We compared four different approaches to record linkage, demonstrating its potential in enriching the Netherlands Twin Register (NTR) with healthcare data from a large health insurance provider (AHD), which covers approximately 26% of the population. Challenges included the fact that young twins share most of their linkage variables and overlapping identification numbers were absent.
We extensively validated the linkage results and complemented them with an indicator of representativeness.
Subjects born since 1986 were selected in the NTR (N=30,383) and AHD (N=1,532,675).
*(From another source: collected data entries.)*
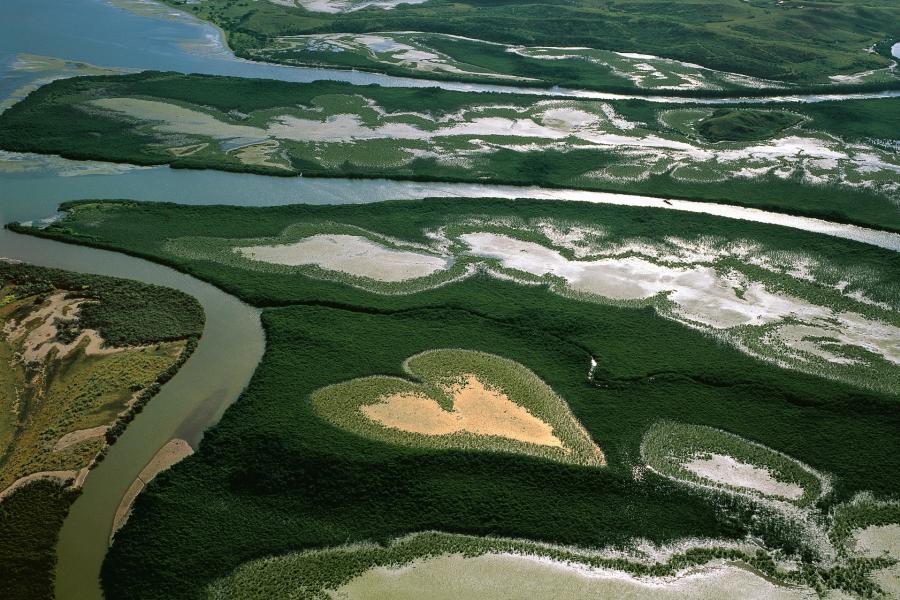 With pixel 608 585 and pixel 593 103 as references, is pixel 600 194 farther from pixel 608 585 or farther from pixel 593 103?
pixel 608 585

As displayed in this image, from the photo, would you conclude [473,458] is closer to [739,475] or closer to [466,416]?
[466,416]

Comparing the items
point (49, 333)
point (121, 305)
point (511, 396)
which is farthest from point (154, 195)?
point (511, 396)

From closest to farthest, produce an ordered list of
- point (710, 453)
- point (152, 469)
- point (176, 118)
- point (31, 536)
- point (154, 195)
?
point (31, 536) < point (152, 469) < point (710, 453) < point (154, 195) < point (176, 118)

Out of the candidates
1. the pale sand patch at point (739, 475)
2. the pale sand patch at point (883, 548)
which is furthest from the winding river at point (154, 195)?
the pale sand patch at point (883, 548)

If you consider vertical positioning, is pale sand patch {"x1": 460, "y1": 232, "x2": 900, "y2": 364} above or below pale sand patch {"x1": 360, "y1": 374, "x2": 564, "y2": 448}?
above

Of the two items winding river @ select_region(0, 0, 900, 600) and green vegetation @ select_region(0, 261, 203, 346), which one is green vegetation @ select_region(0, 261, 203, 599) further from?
winding river @ select_region(0, 0, 900, 600)

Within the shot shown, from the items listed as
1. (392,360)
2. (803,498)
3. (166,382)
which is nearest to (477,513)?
(392,360)

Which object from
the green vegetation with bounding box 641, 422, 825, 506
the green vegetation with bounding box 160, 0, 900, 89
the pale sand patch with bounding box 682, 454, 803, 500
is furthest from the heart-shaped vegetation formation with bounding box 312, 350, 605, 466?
the green vegetation with bounding box 160, 0, 900, 89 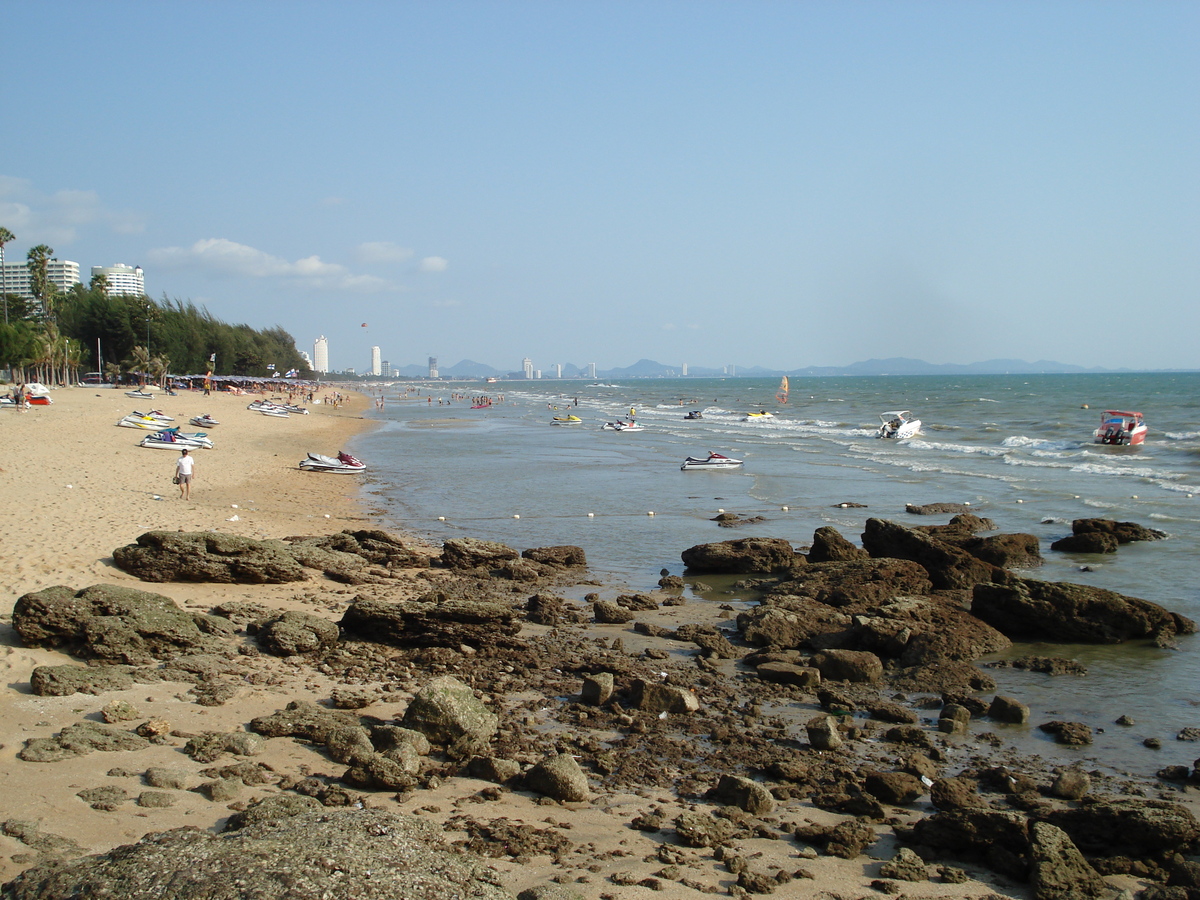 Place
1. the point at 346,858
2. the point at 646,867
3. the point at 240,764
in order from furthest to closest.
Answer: the point at 240,764
the point at 646,867
the point at 346,858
Linkage variables were cleaned and harmonised and linkage keys were chosen that were strong enough to uniquely identify most subjects in either dataset. The four linkages were deterministic, probabilistic, probabilistic with Jaro-Winkler distance, and probabilistic using encrypted identifiers.
Validation took place by reviewing linkage variables and information like family relations; linked record pairs were categorised into correct, possible or false links. Furthermore, the consistency of linked data was reviewed focusing on Attention Deficit Hyperactivity Disorder (ADHD), a prevalent condition among children. Finally, we quantified the impact of the linkage on representativeness of the target population.
Probabilistic linkage with distance calculation linked 7944 NTR subjects to the AHD with 82% correct, 17% possible, and 1% false links. It encompassed nearly all links identified by any of the other methods, which were more conservative.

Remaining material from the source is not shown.